In our study of recommendation method, we found two prevalent problems which must be resolved in order to make a more useful recommendation. The first problem regards dealing with the possible diffusions of trust between various users and the second is the data sparsity problem. As discussed earlier, the challenge arises in finding the ideal tradeoff between the accuracy and efficiency, which is the focus in this paper.

In this study, we have presented the DiffTrust + PMF method and achieved good results in recommendation. We have (1) significantly studied the implicit relationship of the trust network based on diffusion theory and alleviated the data sparsity problem, and (2) made use of the users’ tastes and their trusted friends’ favors for recommendation by integrating diffusion trust model into probabilistic factor graph. Experimental results based on real datasets showed that our method of combining DiffTrust with the PMF can achieve high performance.

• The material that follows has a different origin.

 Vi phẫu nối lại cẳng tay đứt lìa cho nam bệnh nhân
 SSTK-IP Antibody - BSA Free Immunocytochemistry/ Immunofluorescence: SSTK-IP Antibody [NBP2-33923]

In this paper, we only use the trust information, while distrust statements are also provided in many online social networks. The future work intends to apply distrust information to recommendation systems. An important problem worthy of future research is how the distrust relations affect the user preference.

Conflict of Interests

The authors declare that there is no conflict of interests regarding the publication of this paper.

Acknowledgments

Authors would like to thank anonymous reviewers for their valuable suggestions that help us improve the quality of the paper. This work is supported by National Natural Science Foundation of China (no. 61170192) and Natural Science Foundation of CQ (no. CSTC2012JJB 40012). Li Li is the corresponding author for the paper.